> _ASSIGNMENT_
The answer must consist solely of the lines from the one with "二零二一年双十一,2820双十一" through the last line of the data, copied exactly, with no pictures.

> _PROVIDED DATA_
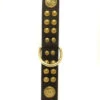 Rosewood Leather Bull Terrier Collar Deluxe Dome Studded Black 22 X 1 1/4" -PetJoy Shop 29068
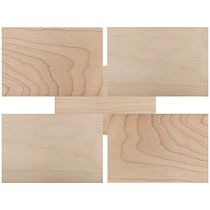 Доски для выжигания REXANT, «Набор творческий» (без рисунка), 148х210 мм (А5), 5 шт., пакет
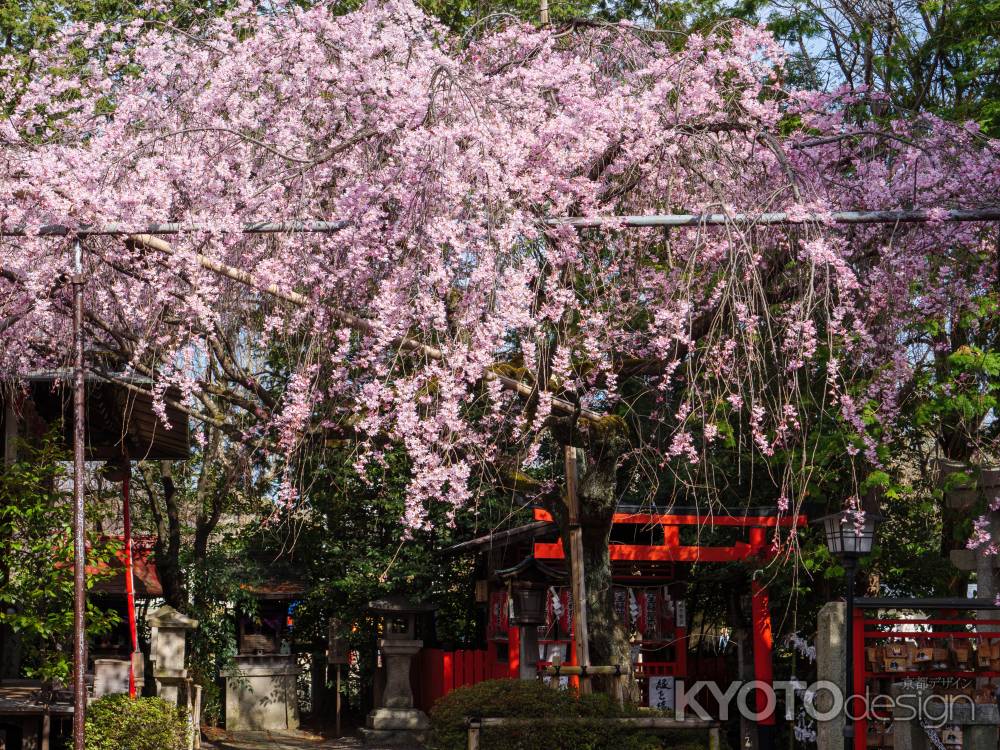 水火天満宮の紅枝垂れ桜　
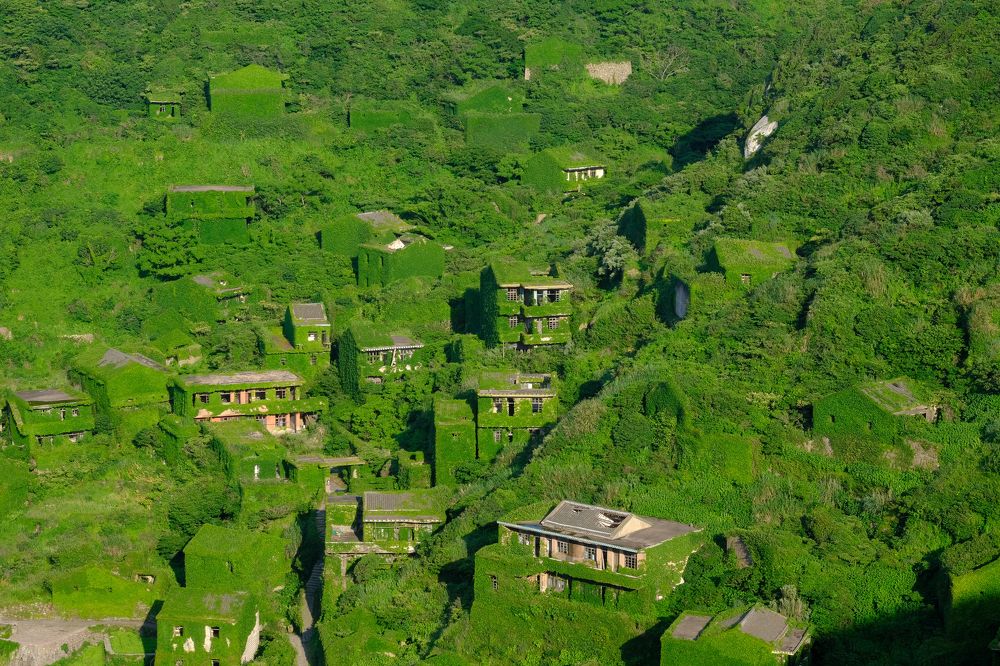 Фотография автора Александр Высоцкий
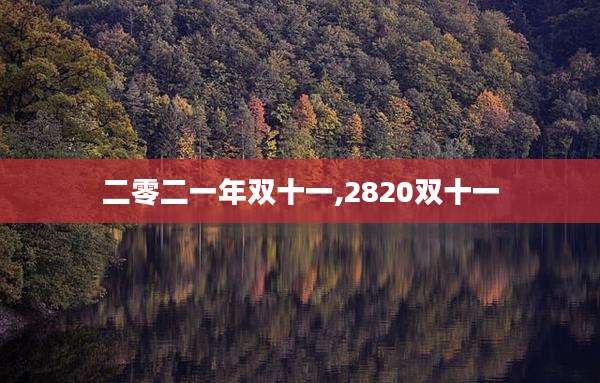 二零二一年双十一,2820双十一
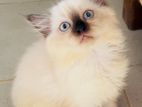 Beautiful Purebred Himalayan Kittens – Female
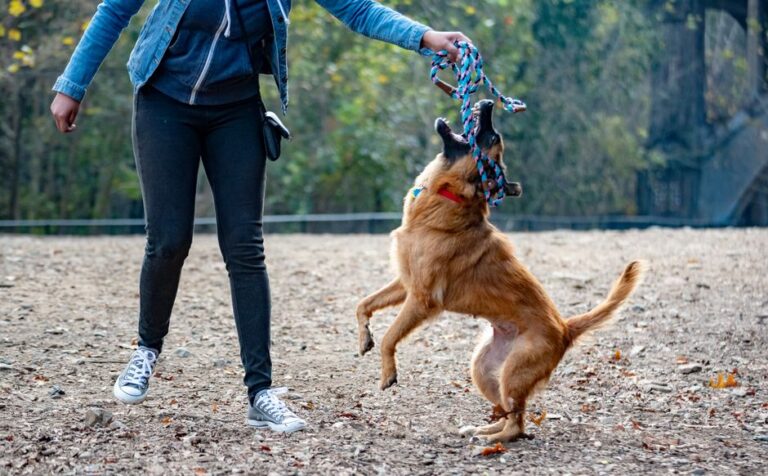 Dog Behavior Training That Sticks: Read the Signals, Skip the Guesswork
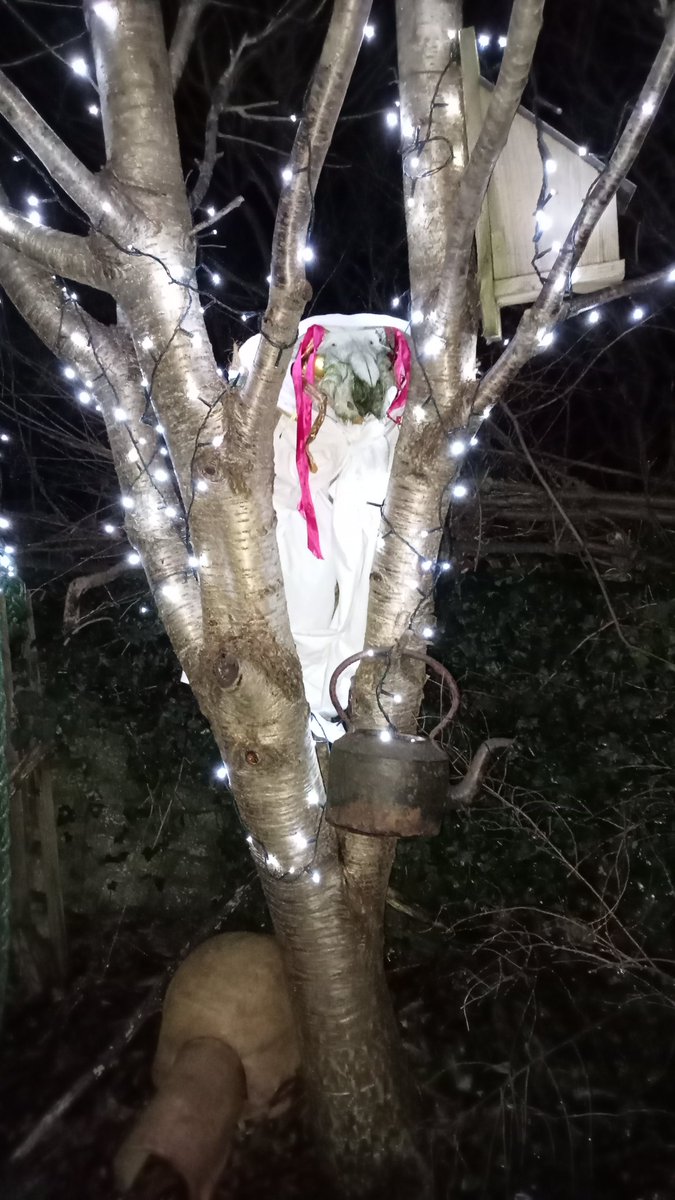 Got a #marilwyd to see the #solstice and the new year in. I didn't have a horse skull lying around, so this ram from an #Islay beach will have to do. Wassail.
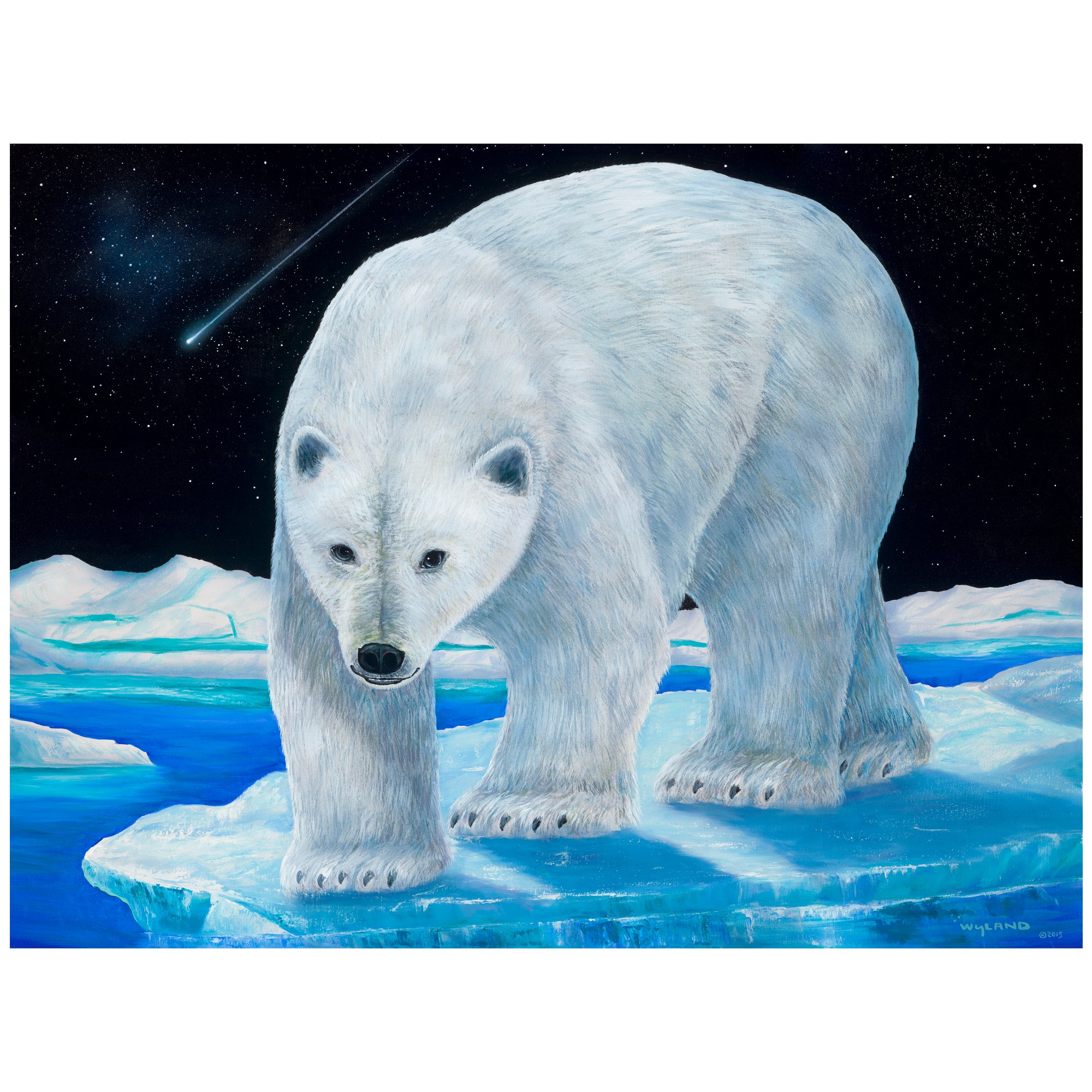 Ice Bear - Limited Edition Fine Art Print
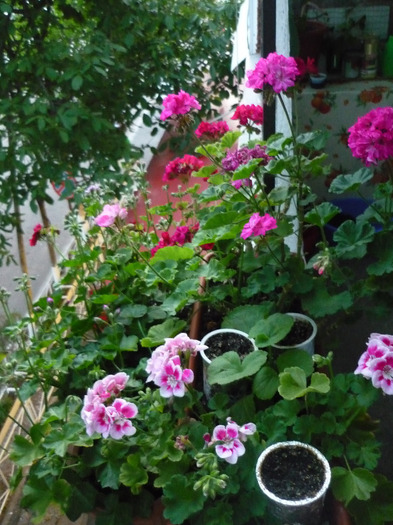 jardinierele din balcon in 7 iunie 2011 - la vreme de vara
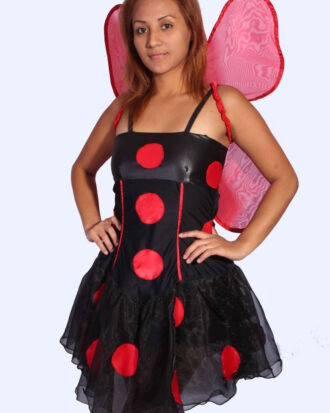 Vaquita de San Antonio 05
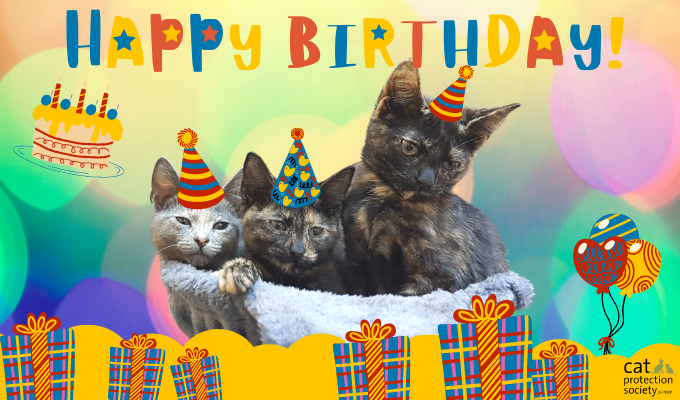 Happy Birthday Cool Colours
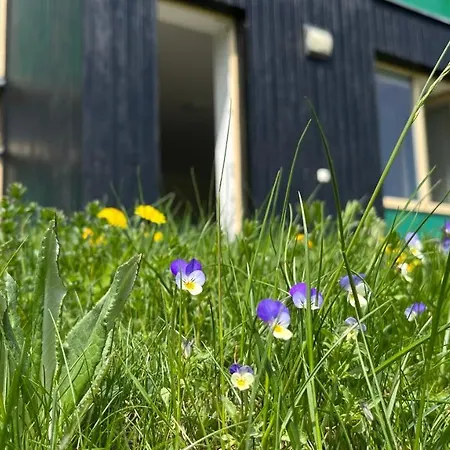 Apartment Apartman Natura Klinovec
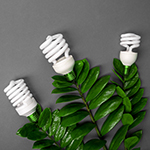 Ekologia_Zielona-energetyka_4_photodune-18788742-led-lamp-with-green-leaf-eco-energy-concept-close-up-light-bulb-saving-and-ecological-150x150-px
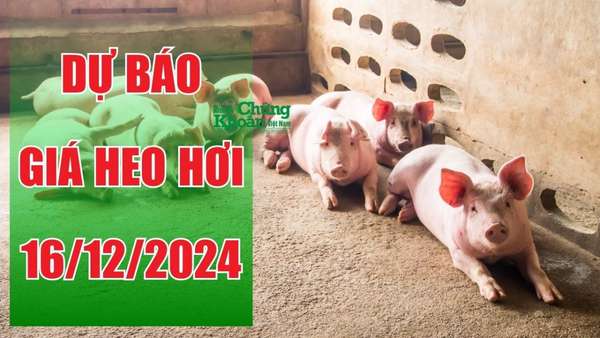 Dự báo giá heo hơi ngày 16/12/2024: Giữ vững "phong độ" ở mức 65.000 đồng/kg?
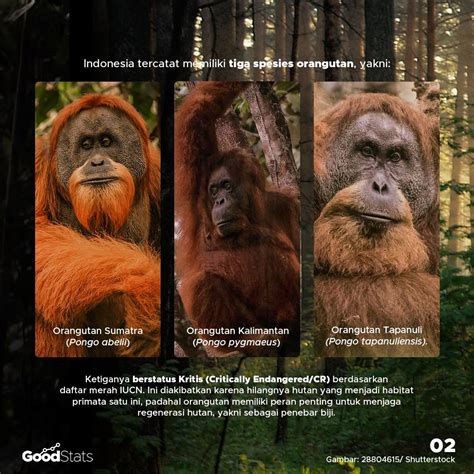 Mengenal 3 Spesies Orang Utan Indonesia Infografik Gnfi
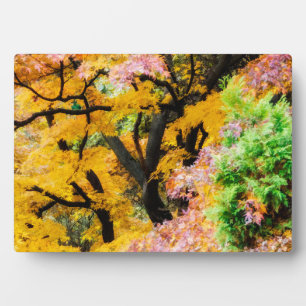 Plaque Photo Jardin des Zen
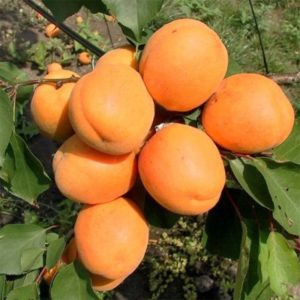 Саженцы абрикоса Шедевр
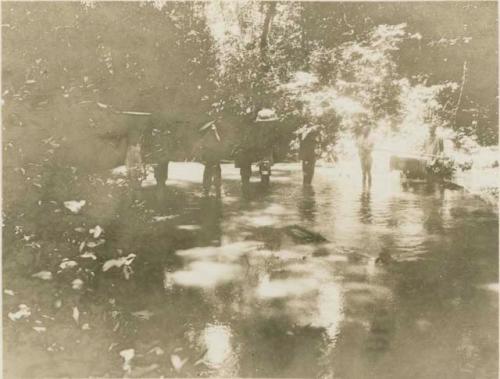 People standing in water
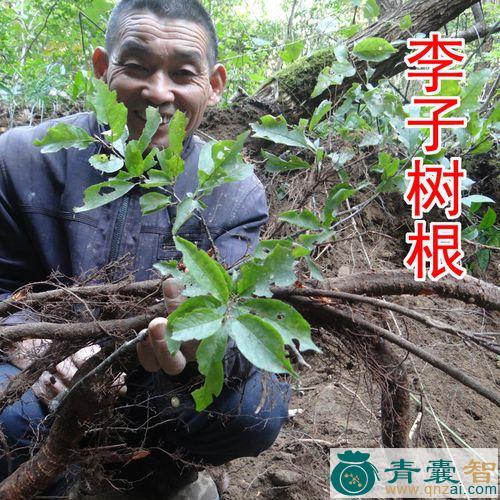 中药材秋根李图片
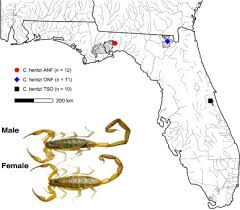 Female-biased population divergence in the venom of the Hentz striped  scorpion (Centruroides hentzi) - ScienceDirect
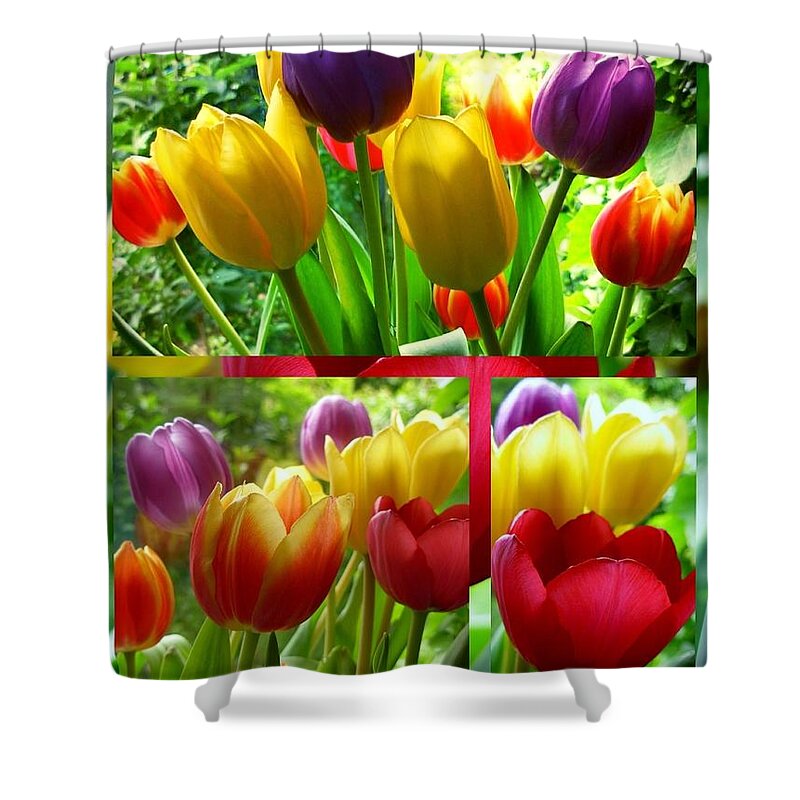 Tulips Shower Curtain featuring the photograph Rainbow Tulips Collage 2 by Joan-Violet Stretch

> _WRITTEN SOLUTION_
 二零二一年双十一,2820双十一
 Beautiful Purebred Himalayan Kittens – Female
 Dog Behavior Training That Sticks: Read the Signals, Skip the Guesswork
 Got a #marilwyd to see the #solstice and the new year in. I didn't have a horse skull lying around, so this ram from an #Islay beach will have to do. Wassail.
 Ice Bear - Limited Edition Fine Art Print
 jardinierele din balcon in 7 iunie 2011 - la vreme de vara
 Vaquita de San Antonio 05
 Happy Birthday Cool Colours
 Apartment Apartman Natura Klinovec
 Ekologia_Zielona-energetyka_4_photodune-18788742-led-lamp-with-green-leaf-eco-energy-concept-close-up-light-bulb-saving-and-ecological-150x150-px
 Dự báo giá heo hơi ngày 16/12/2024: Giữ vững "phong độ" ở mức 65.000 đồng/kg?
 Mengenal 3 Spesies Orang Utan Indonesia Infografik Gnfi
 Plaque Photo Jardin des Zen
 Саженцы абрикоса Шедевр
 People standing in water
 中药材秋根李图片
 Female-biased population divergence in the venom of the Hentz striped  scorpion (Centruroides hentzi) - ScienceDirect
 Tulips Shower Curtain featuring the photograph Rainbow Tulips Collage 2 by Joan-Violet Stretch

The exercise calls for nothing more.